Currently I am using psycopg2 to bulk update a column on a postgres table from a pandas dataframe. While testing local postgres instance on docker takes less than one minute to update 100k rows but the same script on prod takes more than 60 minutes to update. For the same prod DB bulk INSERT for the same 100k rows takes less than a minute. What parameters could I modify on my prod DB to make the bulk UPDATEs as fast as on local?
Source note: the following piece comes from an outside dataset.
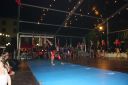 IMG_7002.jpg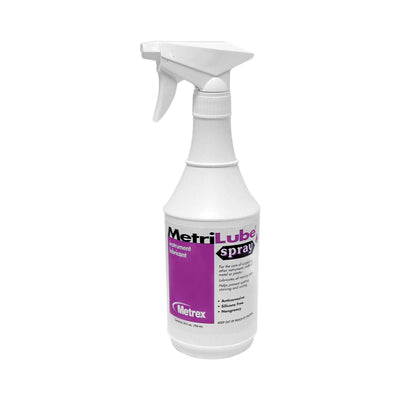 MetriLube® Instrument Lubricant, 1 Gallon(s) (Cleaners and Solutions) - Img 1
Table is indexed on ID which is used on the WHERE condition.
def write_to_db(data: pd.DataFrame, ID):
conn = psycopg2.connect(host=HOST, port=PORT, database=DBNAME, user=USER, password=PASSWORD)
try:
with conn.cursor() as cur:
query="""
UPDATE table SET column_1=%s WHERE id=%s AND name=%s
"""
argslist = [(row['column_1'], Dd, index) for index, row in data.iterrows()]
execute_batch(cur, query, argslist)
conn.commit()
logger.info("successfully updated to the DB")
except Exception as e:
logger.error("error in writing to the DB: ", e)
conn.rollback()
finally:
conn.close()
So far I have increased the size of the DB on AWS RDS from t3.micro to t3.xlarge which increases the RAM from 1 GB to 8 GB but it did not make any difference.